Om ervoor te zorgen dat ondernemingen in een uitzichtloze financiële situatie toch nog gedeeltelijk gered kunnen worden, is de mogelijkheid er om de wél rendabele delen/activiteiten van de onderneming te verkopen in het kader van de gerechtelijke reorganisatie. De overnemer wordt in dat geval gevrijwaard van alle risico’s verbonden aan de onderneming-overdrager in een slechte financiële situatie.

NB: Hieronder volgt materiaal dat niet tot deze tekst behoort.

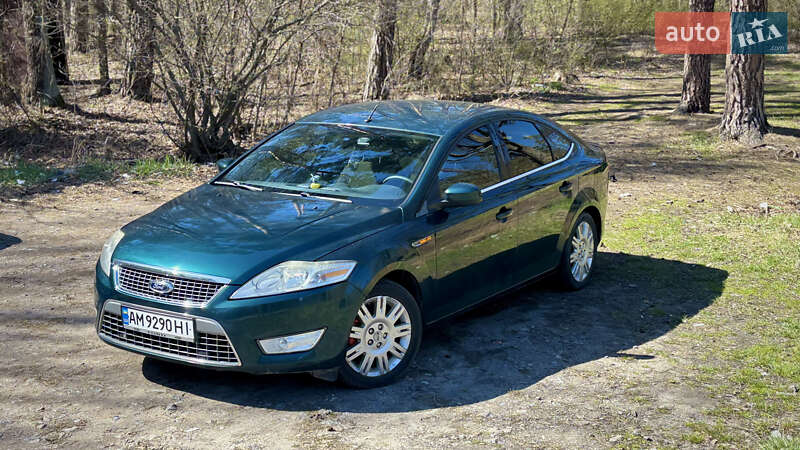 Ford Mondeo (2009)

Tijdens de procedure van gerechtelijke reorganisatie verkrijgt de onderneming-schuldenaar een “opschorting van betaling” voor (in beginsel) maximum 6 maanden. De schuldenaar zal zijn bestaande schuldeisers in deze periode niet moeten betalen (let op: schulden gemaakt na opstart van de procedure moeten wél betaald worden!). Hij kan er wel nog altijd voor kiezen om ze vrijwillig te betalen. In de periode van opschorting kunnen de schuldeisers zelf dus ook niet overgaan tot uitvoering van hun schuldvordering, bijvoorbeeld d.m.v. beslag of gedwongen verkoop. Daarnaast kan de onderneming-schuldenaar in die periode niet failliet verklaard/gerechtelijk ontbonden worden, tenzij hij dit zélf aanvraagt.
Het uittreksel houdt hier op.